● **Problem statement**: Each line from the one containing "Photo 10 of this CHEVROLET MALIBU" to the end of the material below is to be restated exactly, with pictures skipped.
Start of Material provided
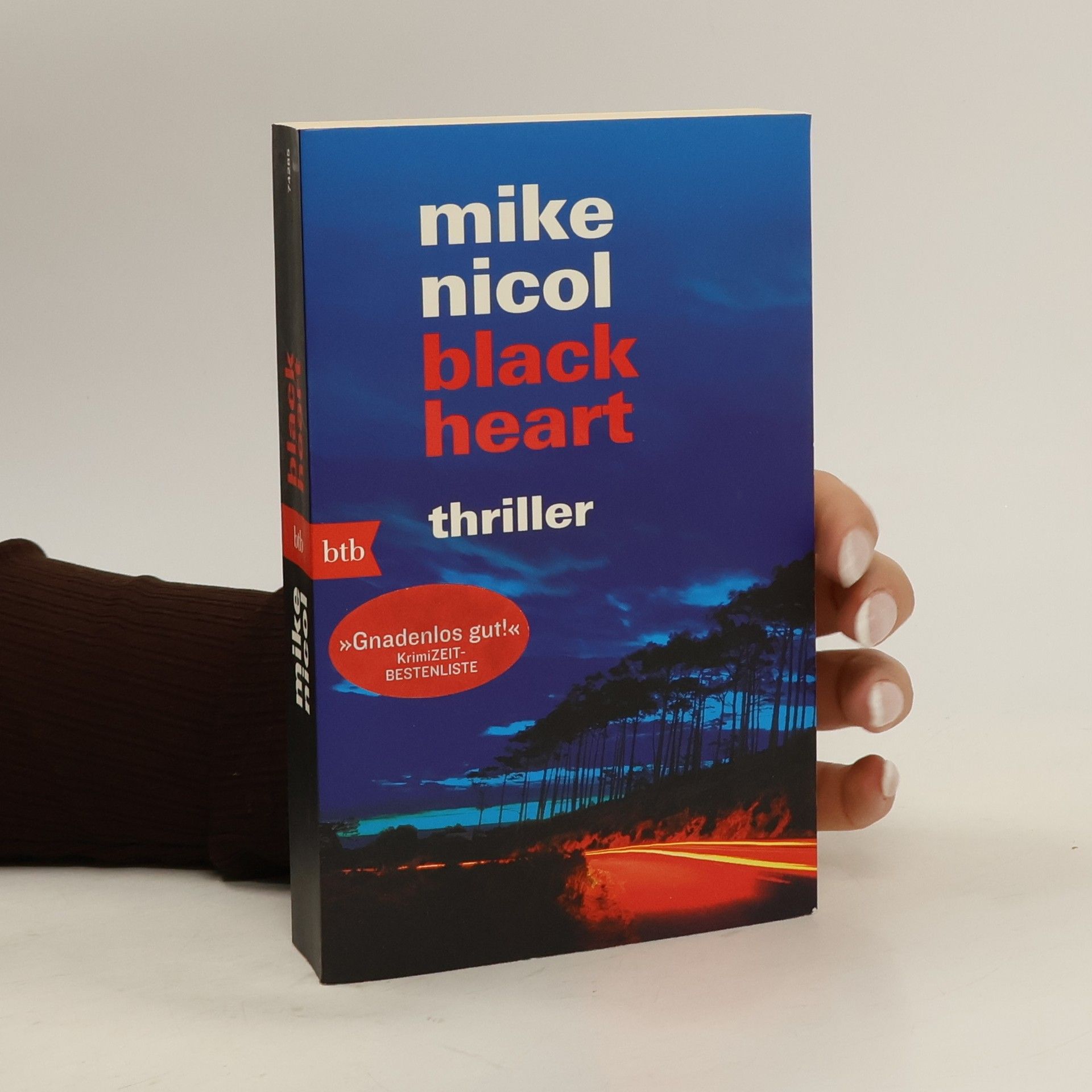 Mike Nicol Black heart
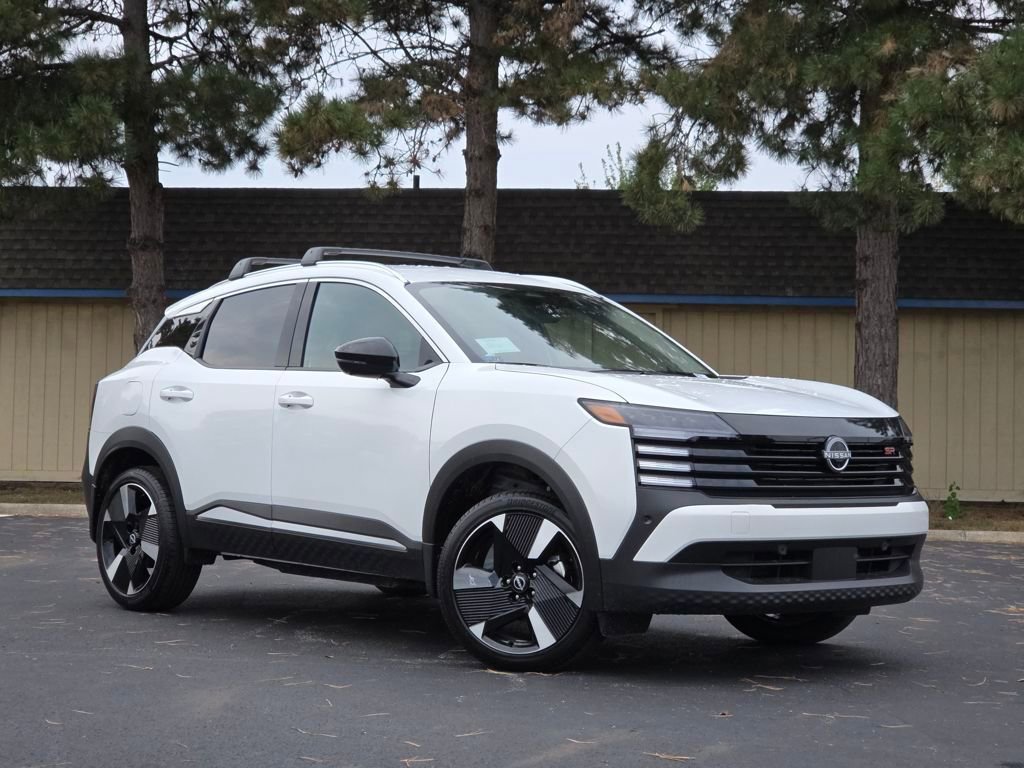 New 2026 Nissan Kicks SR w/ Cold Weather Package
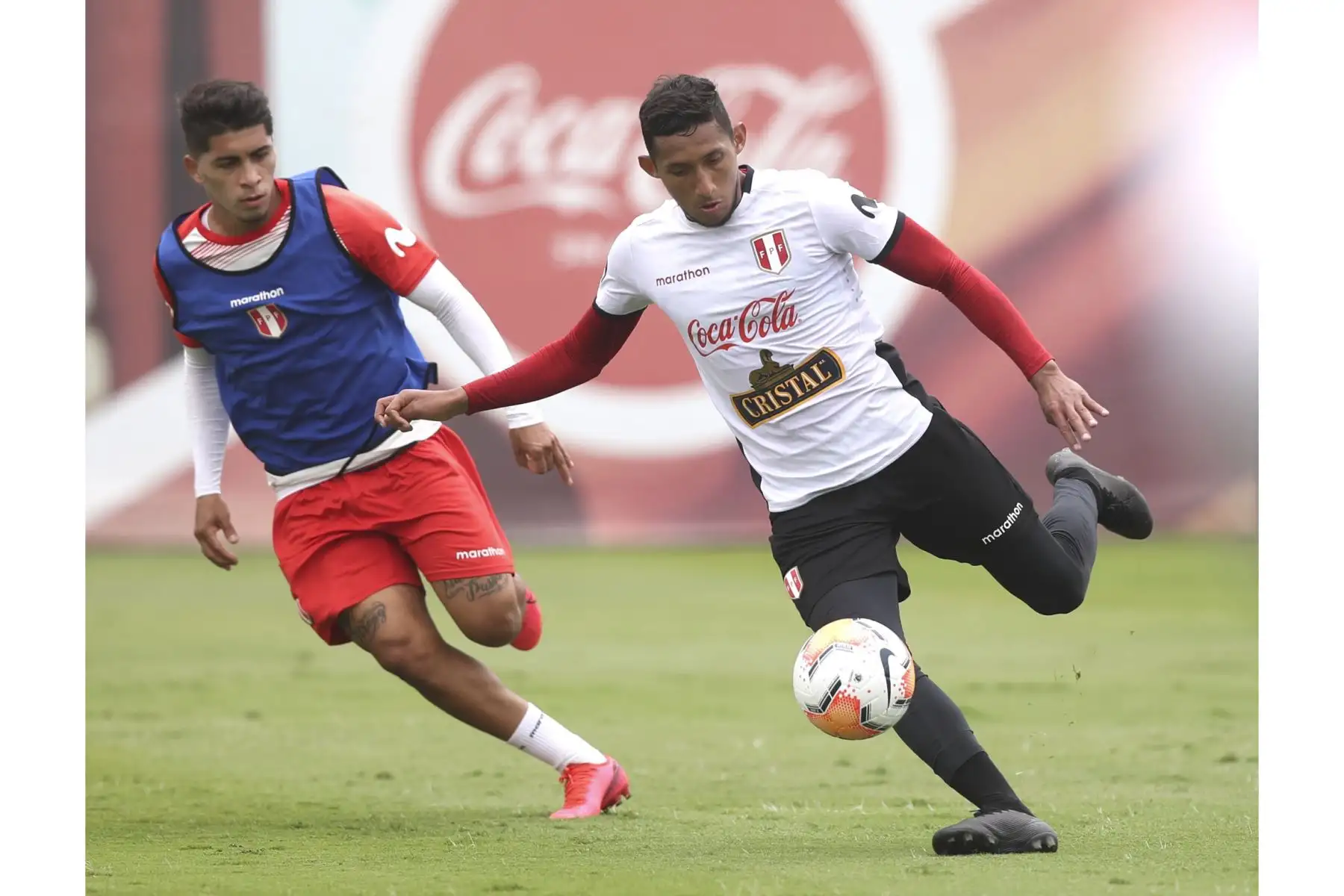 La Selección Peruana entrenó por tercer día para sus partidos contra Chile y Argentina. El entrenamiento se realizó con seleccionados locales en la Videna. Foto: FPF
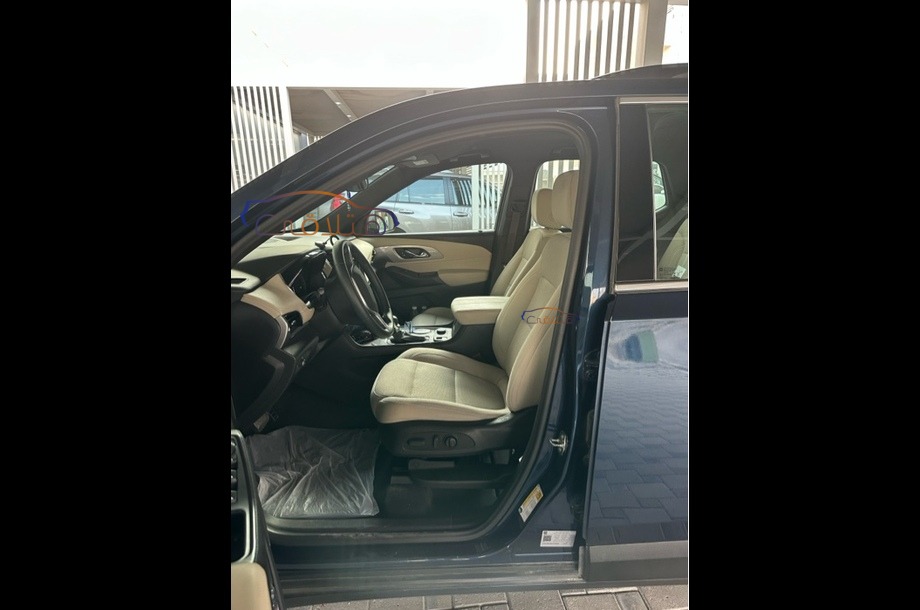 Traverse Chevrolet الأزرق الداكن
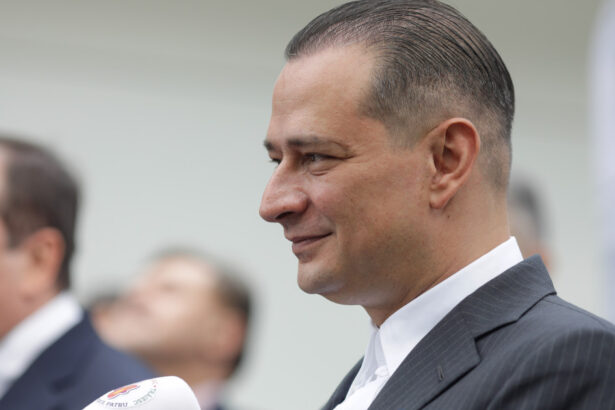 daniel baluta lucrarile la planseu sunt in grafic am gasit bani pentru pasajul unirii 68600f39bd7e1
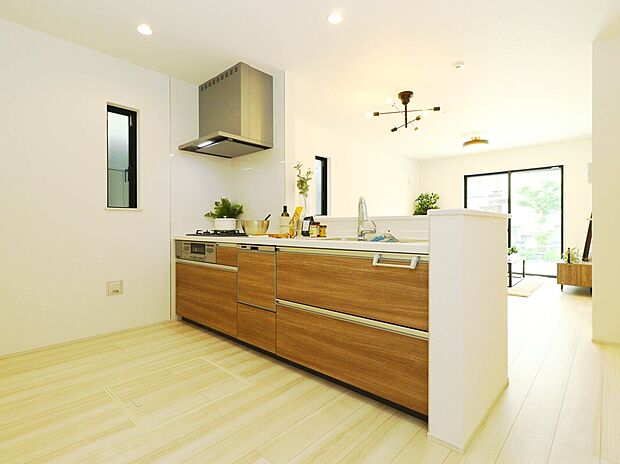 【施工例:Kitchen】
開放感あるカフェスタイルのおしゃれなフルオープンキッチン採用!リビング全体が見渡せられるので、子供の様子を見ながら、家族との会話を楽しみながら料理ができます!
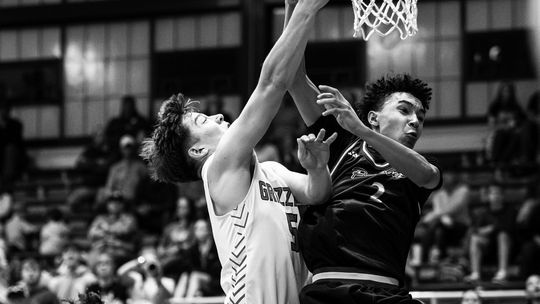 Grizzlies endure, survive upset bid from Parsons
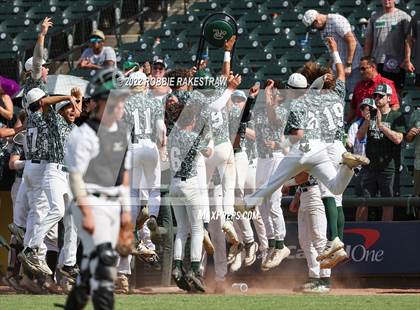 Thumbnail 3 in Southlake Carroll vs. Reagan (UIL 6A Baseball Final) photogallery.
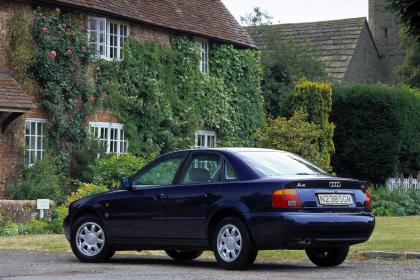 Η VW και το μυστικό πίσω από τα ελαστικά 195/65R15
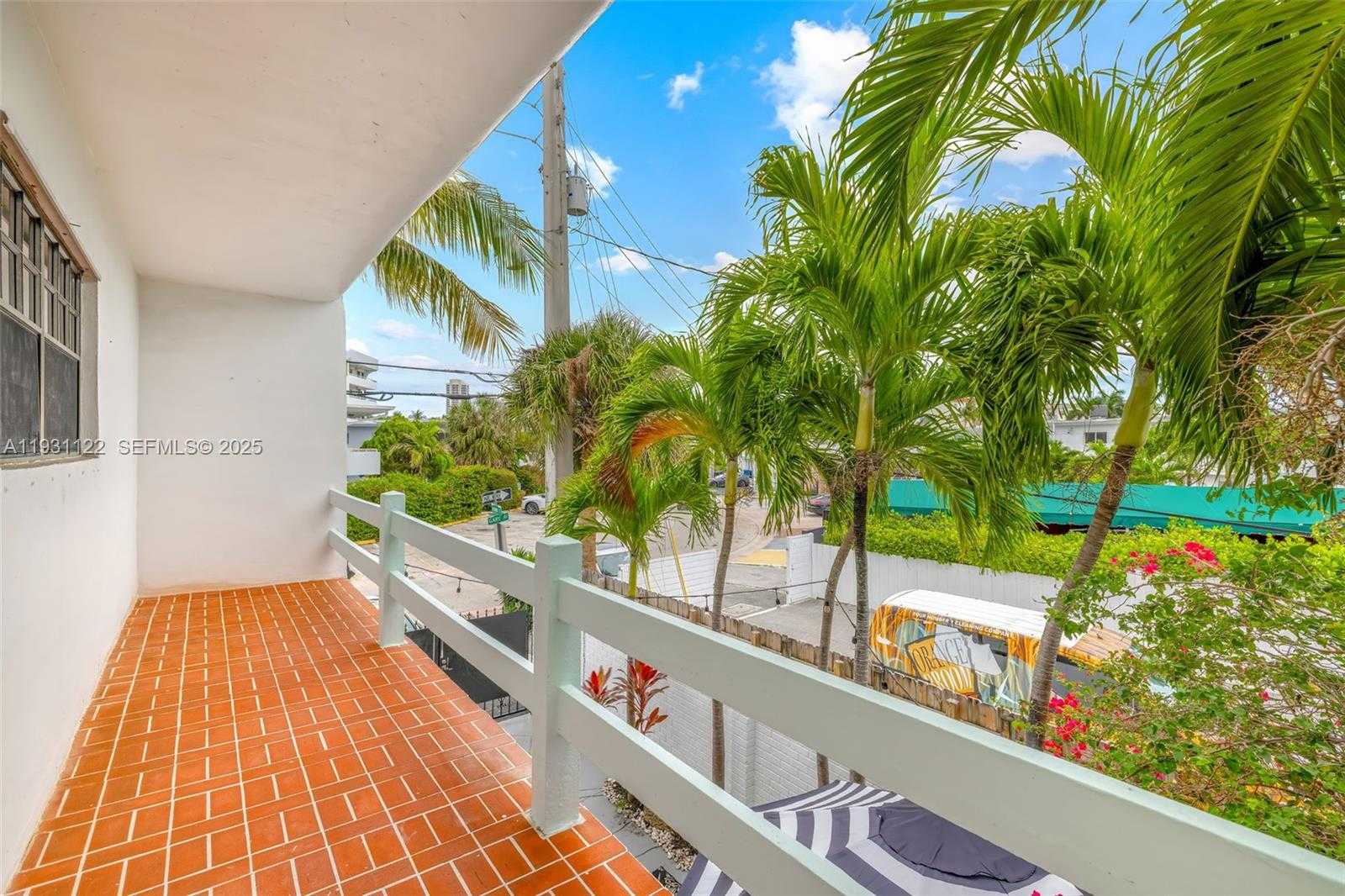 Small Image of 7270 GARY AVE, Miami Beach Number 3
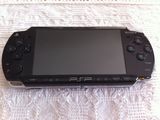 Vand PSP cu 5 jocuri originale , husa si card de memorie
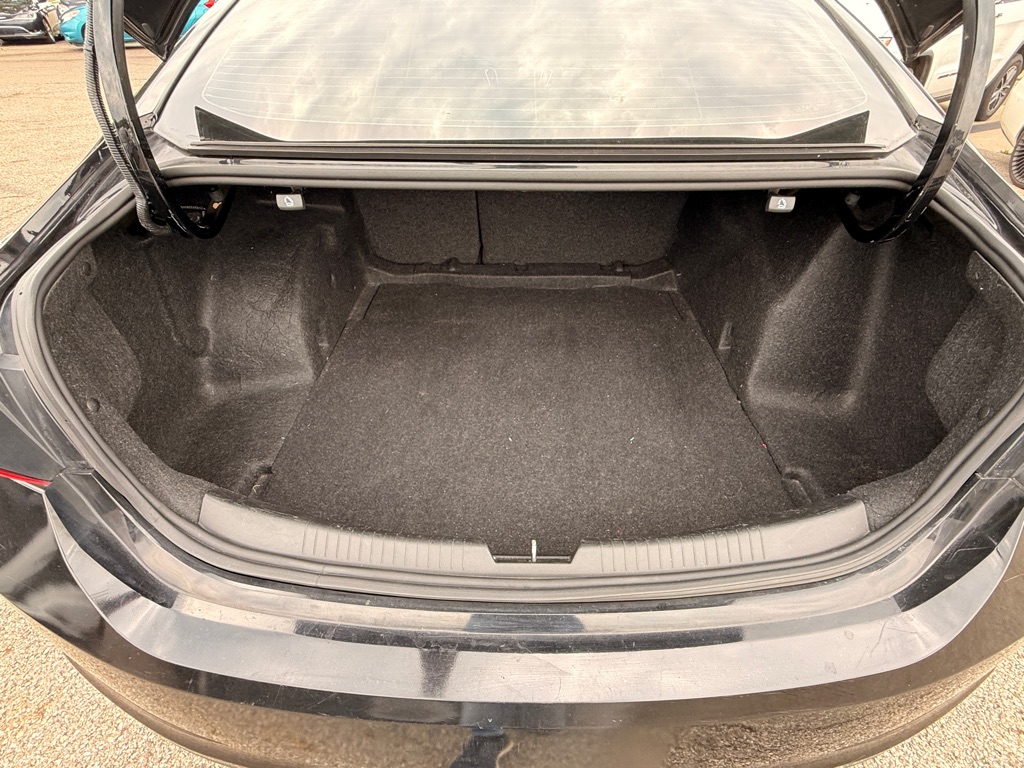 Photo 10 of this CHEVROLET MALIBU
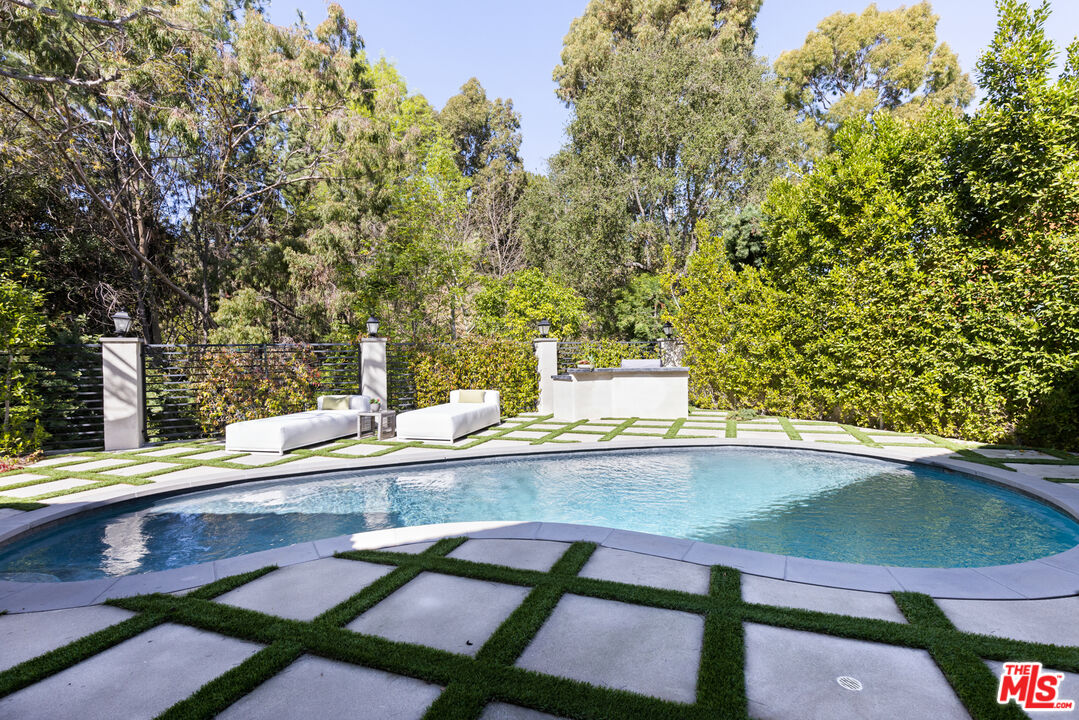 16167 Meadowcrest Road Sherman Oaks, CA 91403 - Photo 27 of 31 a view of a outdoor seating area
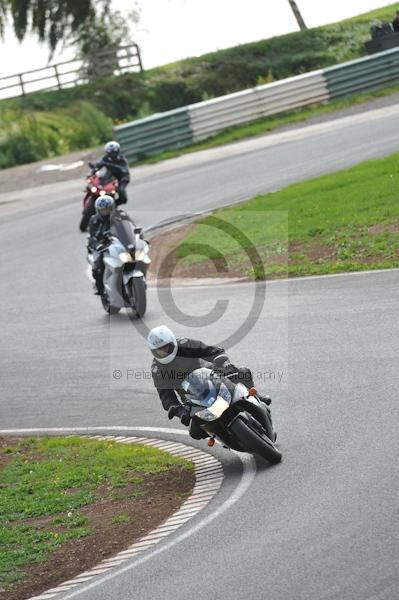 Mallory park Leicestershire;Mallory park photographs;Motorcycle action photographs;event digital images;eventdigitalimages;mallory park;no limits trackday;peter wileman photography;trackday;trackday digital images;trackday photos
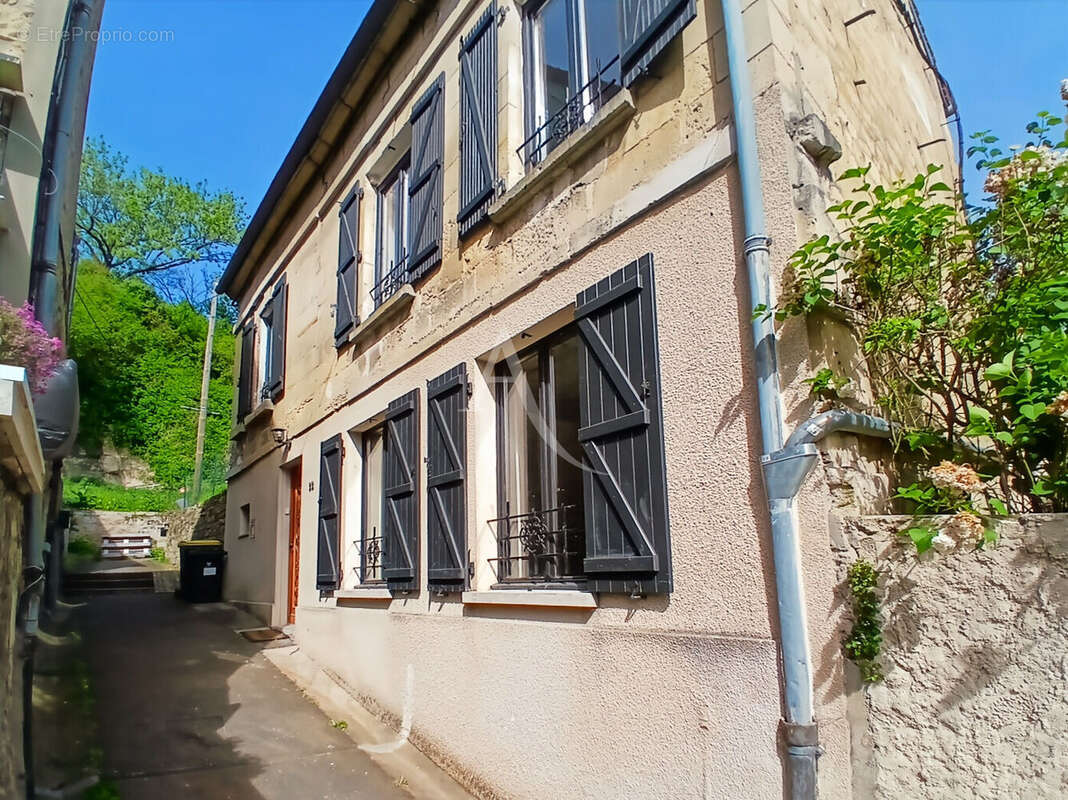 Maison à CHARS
End of Material provided
● **Exercise output**:
 Photo 10 of this CHEVROLET MALIBU
 16167 Meadowcrest Road Sherman Oaks, CA 91403 - Photo 27 of 31 a view of a outdoor seating area
 Mallory park Leicestershire;Mallory park photographs;Motorcycle action photographs;event digital images;eventdigitalimages;mallory park;no limits trackday;peter wileman photography;trackday;trackday digital images;trackday photos
 Maison à CHARS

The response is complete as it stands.